We pulled over at the Luss campgrounds and visitor center so we could get some pics of the Loch Lomond. The Lomond Loch is the largest loch in Scotland by surface area and second by volume only to the Loch Ness. It is fresh water and has several islands, one of which is home to a colony of wallabies. Yes, you heard correctly, wallabies. The Inchconnachan island is known for the capercaillie (which is a large turkey-like bird) and the peaceful inlets but it’s also home to the wallabies. Apparently they were introduced by Lady Colquhoun in the 1940s, and still roam wild. It is one of the very few places outside Australia which has a viable population of wallabies  Unfortunately, we didn’t have time to visit the island and were only there for a pit stop and some quick photos. Next time: I want to see those wallabies.
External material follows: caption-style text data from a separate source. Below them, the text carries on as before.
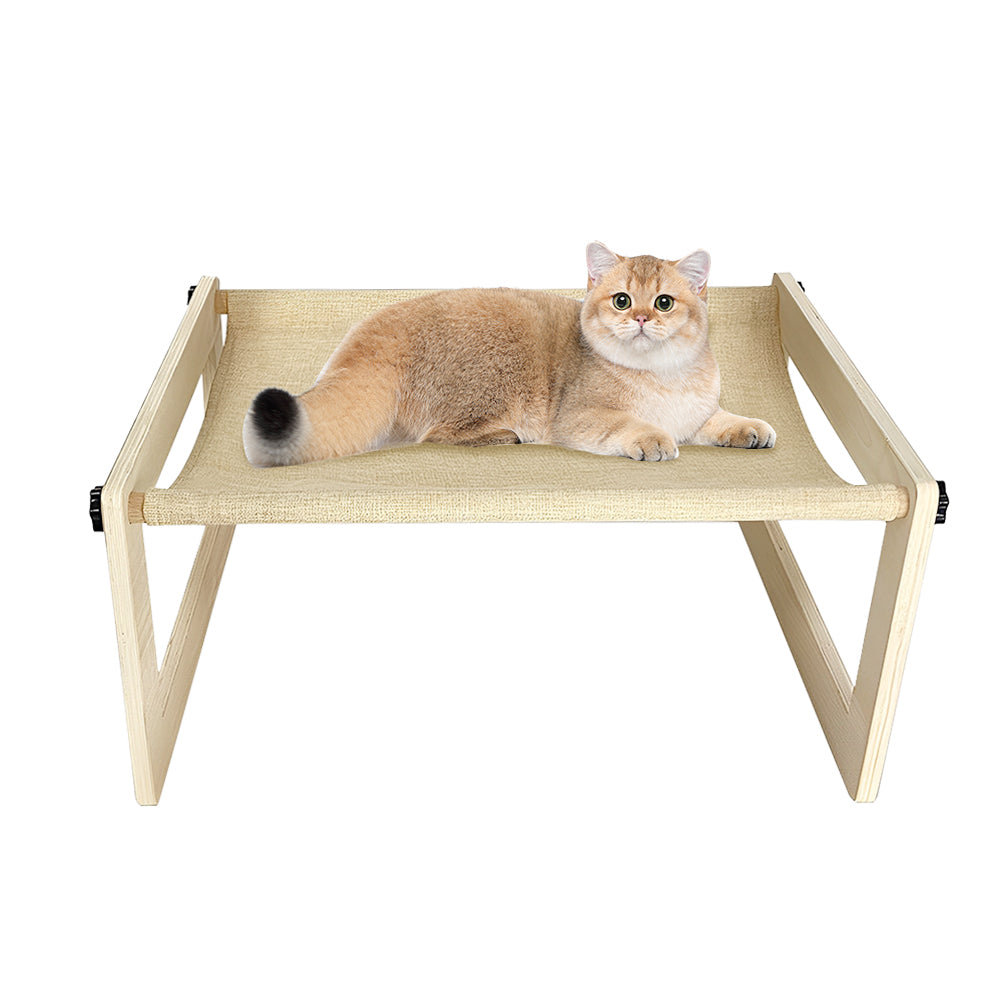 PETSWOL Breathable Cat Bed Wooden Cat Hammock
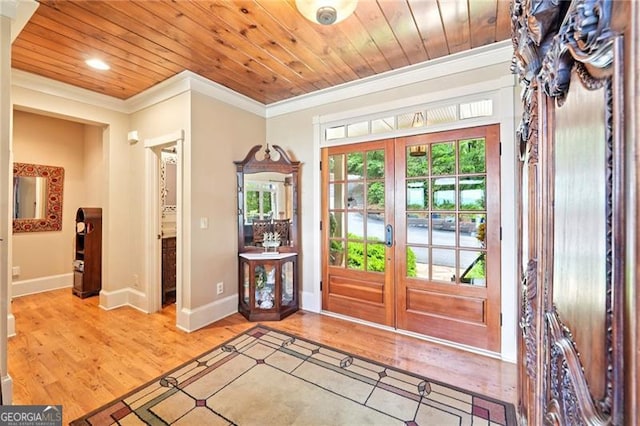 44 Sassafras Rdg, Big Canoe, GA 30143 - entryway with ornamental molding, french doors, light wood-style floors, wooden ceiling, and recessed lighting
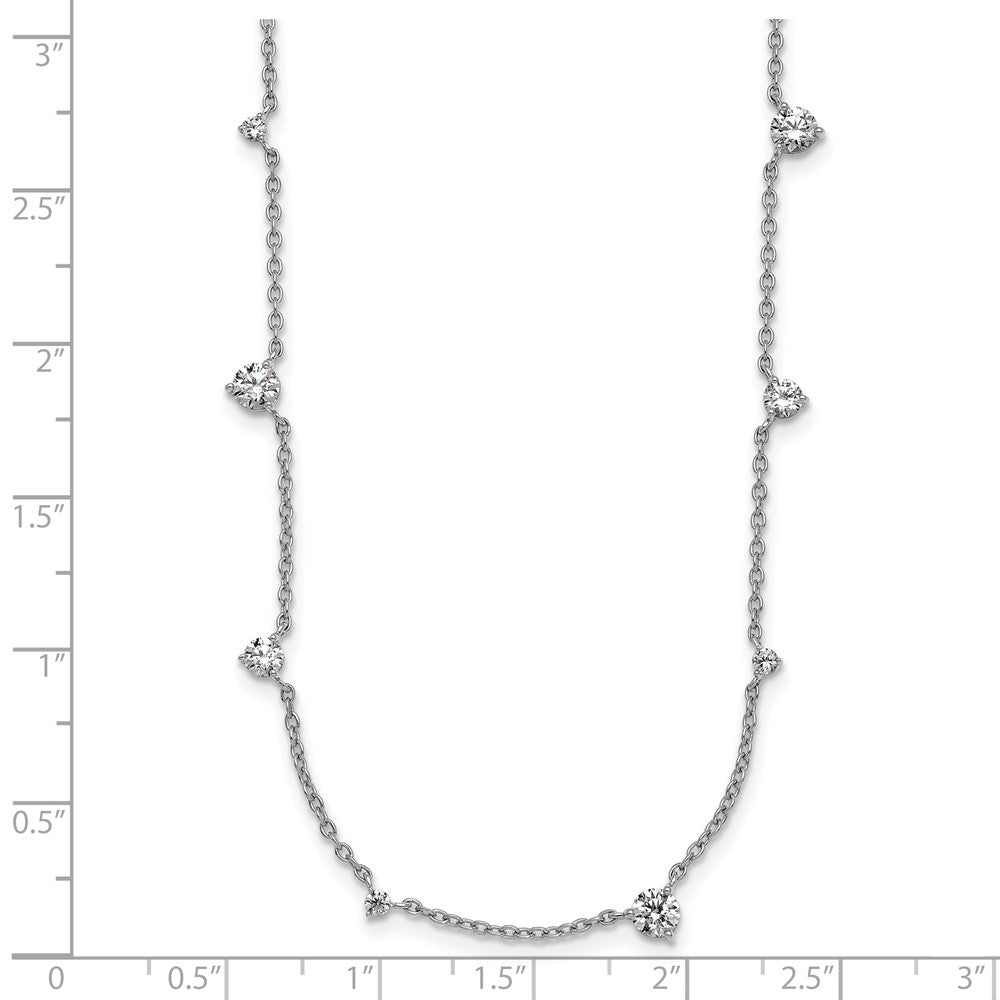 True Origin 14K White Gold 2 1/10 carat Lab Grown Diamond VS+ F+ Complete 10 Station 16 in Necklace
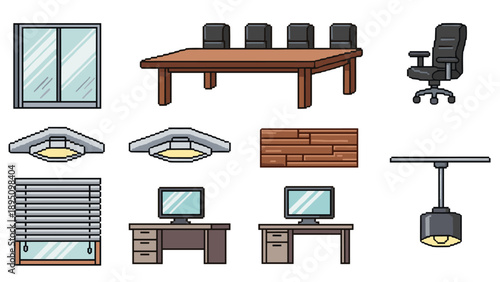 Pixel art office interiors: furniture and lighting set for retro gaming design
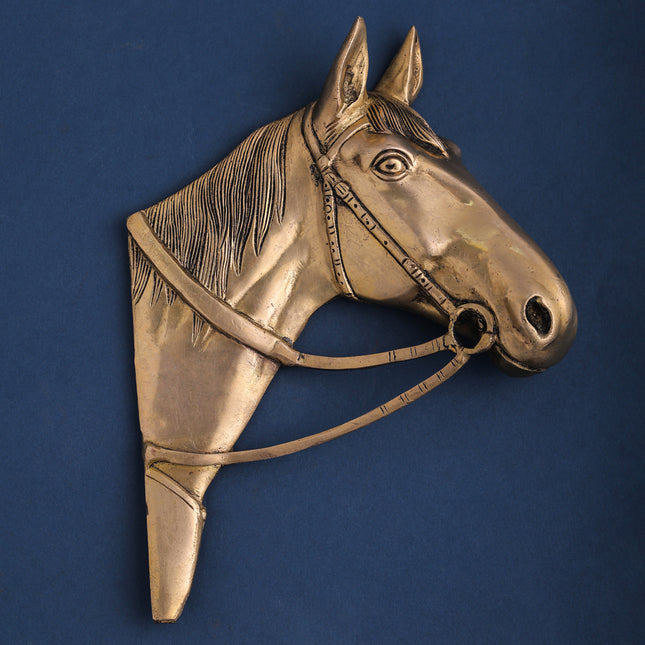 Brass Horse Face Wall Hanging Set (10.5 Inch)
We hopped in the car and intended to get back on the freeway only to get lost. We took a few wrong turns but on the brightside we got to see more of the loch shoreline! We did eventually make it back on the freeway and passed through my next favorite loch of the trip. The Fyne Loch is Scotland’s longest sea loch that connects to the Sound of Jura ocean via a canal and is known for it’s oysters and fishing. As you drive around the Loch Fyne you pass the Inveraray Castle which is an 18th-century gothic-style castle that is rumored to be haunted. Also, an episode of Downton Abbey was partly filmed there. It is supposed to have beautiful gardens and walking trails along with a rich tour of the castle. Past the castle is the town of Iveraray which has an old jail that is now a museum and a bell tower that’s open to the public and still gets rung everyday. We drove past the castle and the town in order to make our ferry to Islay but I hope to be back again and spend a few days exploring Inveraray and breathing in the salted cool wind that sweeps through the town.
We have decided that weeks need to be spend exploring the lochs and the towns on the edges the next time we visit Islay. It has the feel of relaxation and adventure mixed-up together in such a dazzling way. Maybe it’s so quiet there because everyone is in awe of the monumental splendor of it all? It makes everyone speechless? That sounds about right. Also on my list for next time we go: a wide-angle camera lens and a tripod to try and capture the true striking nature of it all – although it can be so windy I am not sure the tripod will make a difference. I wholeheartedly recommend a trip through the lochs because it will change your life.